DIVORCE LETTER - A JOKE

Dear Wife:



I'm writing you this letter to tell you thatI'm leaving you for good.

I've been a good man to you for seven years and I have nothing to show

for it. These last two weeks have been hell. Your boss called to tell me

that you had quit your job today and that was the last straw. Last week,

you came home and didn't even notice that I had gotten a new hair cut,

cooked your favorite meal and even wore a brand new pair of silk

boxers.. You came home and ate in two minutes, and went straight to

sleep after watching all of your soaps. You don't tell me you love me

anymore, you don 't wan t sex anymore or anything. Either you're

cheating on me or you don't love me anymore, whatever the case is, I'm

gone.



Your EX-Husband



P.S. Don't try to find me. Your SISTER and I are moving away to West

Virginia together! Have a great life!



Dear Ex-Husband:



Nothing has made my day more than receiving your letter. It's true that

you and I have been

married for seven years, although a good man is a far cry from what

you've been. I watch my soaps so much because they drown out your

constant whining and griping. Too bad that doesn't work. I did notice

when you got a hair cut last week, the first thing that came to mind was

" You look just like a girl!" but my mother raised me not to say

anything if you can't say anythin g nice. And when you cooked my

favorite meal, you must have gotten me confused with MY SISTER, because

I stopped eating pork seven years ago. I turned away from you when you

had those new silk boxers on because the price tag was still on them. I

prayed that it was a coincidence that my sister had just borrowed fifty

dollars from me that morning ... And your silk boxers were $49.99. After

all of this, I still loved you and felt that we could work it out. So

when I discovered that I had hit the lotto for ten million dollars, I

quit my job and bought us two tickets to Jamaica. But when I got home

you were gone. Everything happens for a reason I guess. I hope you have

the fulfilling life you always wanted.

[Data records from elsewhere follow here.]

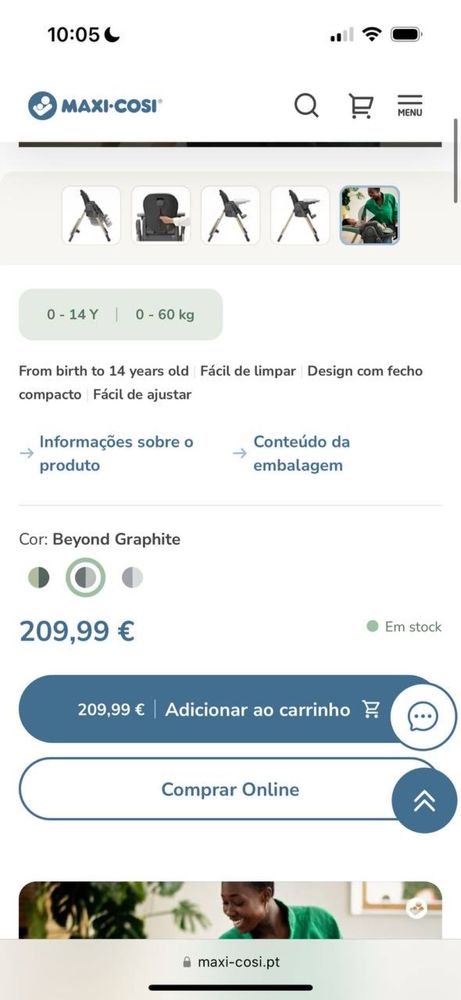 Cadeira de Refeição marca maxi cosi modelo Minla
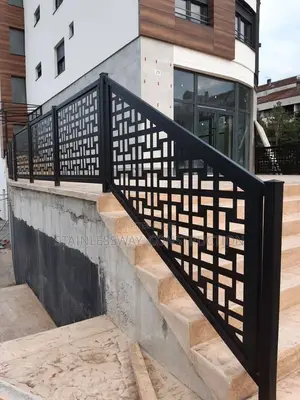 Staircase Lasers Cut Craft Handrails
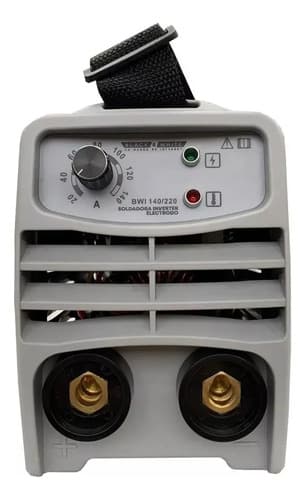 Soldadora Inverter 140 A + 1kg De Electrodos 2.5mm Gris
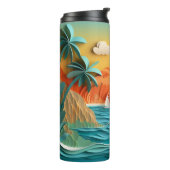 Thermische getumbler thermosbeker (Gedraaid links)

My lawyer said that with your

letter that you wrote, you won't get a dime from me. So take care.



Signed

Rich As Hell and Free!



P.S. I don't know if I ever told you this but Carla, my sister, was born

Carl. I hope that's not a problem.

rowlanda
Rowlanda  (Level: 70.0 - Posts: 2856)
Tue, 11th Sep '07 2:49 PM

Very Good Bruno....
Bears out the old adage
Never put anything in writing!!!!

geophile
Geophile  (Level: 159.4 - Posts: 1521)
Tue, 11th Sep '07 4:10 PM

I loved it!

markied
Markied  (Level: 30.9 - Posts: 109)
Wed, 17th Oct '07 4:59 PM

Absolutely fantastic Bruno.
Must borrow it if I may, and paste it onto my Fave Band's Website..

winddancer41
Winddancer41  (Level: 63.3 - Posts: 1113)
Wed, 17th Oct '07 7:21 PM

Got that as a forward about a month ago but it is even funnier the second time. This is case of she got the gold mine he got the shaft.

nsinuosblufyxn
Nsinuosblufyxn  (Level: 106.3 - Posts: 274)
Wed, 17th Oct '07 10:54 PM

LOL - That is hilarious!

Thanks for sharing it.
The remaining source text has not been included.